Photo: U.S. Air Force photo by Airman 1st Class Kyle Gese, via Wikipedia
Most of us probably know a 11-year-old who blew their whole allowance on a pack of Pokemon cards back in the day… but blowing stacks of cash on Pokemon cards isn’t just for pre-teens anymore.
In recent years, fractional investment — which enables numerous investors to buy a stake in the same asset — has become more popular.
Several startups offer marketplaces that allow people to invest a few bucks in partial ownership of everything from Star Wars collectibles to sneakers.
Alternative asset marketplaces are growing fast
Last week, one startup called Mythic Markets raised $2m to expand its marketplace for rare collectibles (for just $45, investors can purchase a piece of a Magic: The Gathering card that’s worth $90k).
But Mythic Markets is just one of several startups specializing in fractional ownership of collectibles.

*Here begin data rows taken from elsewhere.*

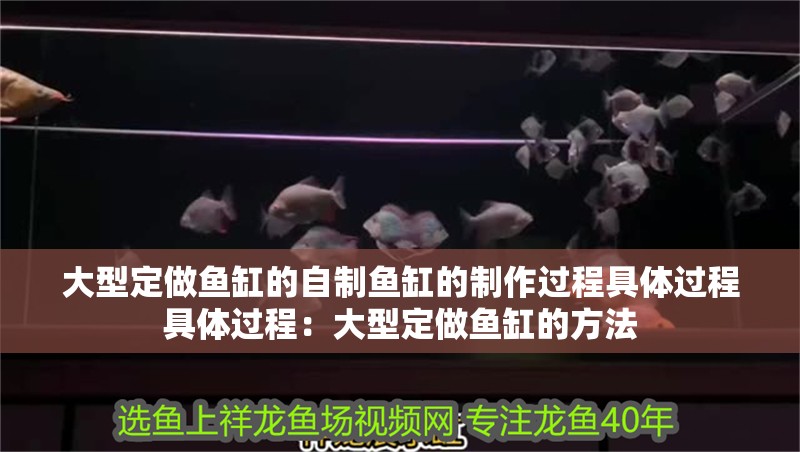 魚缸過濾器選購指南:自制魚缸過濾器魚缸上置過濾器對于養魚愛好者的必備知識 大型定做魚缸的自制魚缸的制作過程具體過程具體過程:大型定做魚缸的方法 魚缸百科 大型定做魚缸的自制魚缸的制作過程具體過程具體過程:大型定做魚缸的方法 大型定做魚缸的自制魚缸的制作過程具體過程具體過程:大型定做魚缸的方法 魚缸百科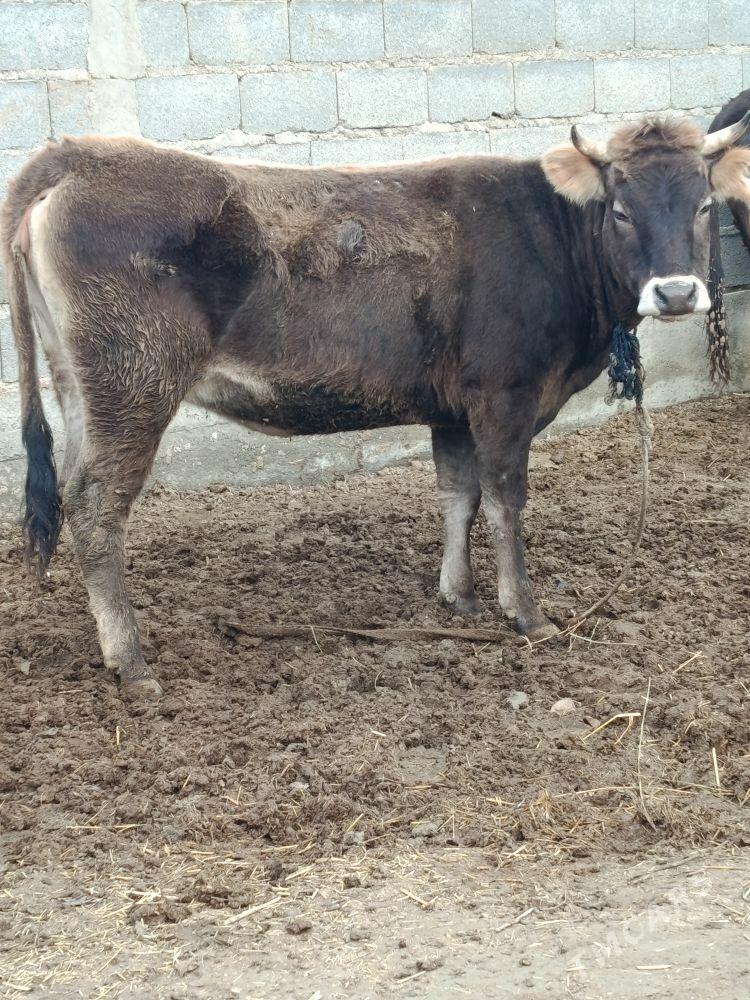 şwes bogaz sygyr - Бахарден - img 1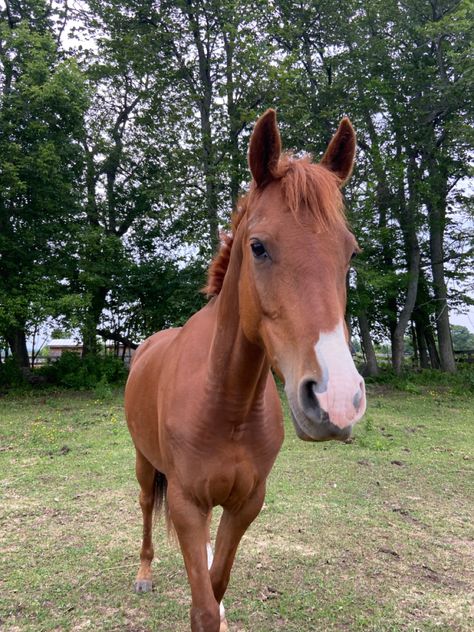 Chestnut Pony, Kwpn Horse, Chestnut Horses, Basic Coat, Nerd Girl Problems, Horse Story, Equestrian Aesthetic, Bay Horse, Chestnut Horse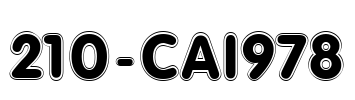 210-CAI978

A startup called Otis offers investments in museums, albums, sneakers, and comic books starting at just $25, and other startups offer fractional ownership of everything from cars to homes.
So, are these investments as risky as they seem?
Actually, no: Mythic Markets, Otis, and most fractional investment startups only offer securities that are backed by the SEC — and the SEC backs comic books, sci-fi trinkets, and even e-sports teams.
If you’re wondering where in the name of Charizard fractional investing came from: It all started with vacation-style timeshares…
Maybe you and your Uncle Jerry are pretty similar, after all.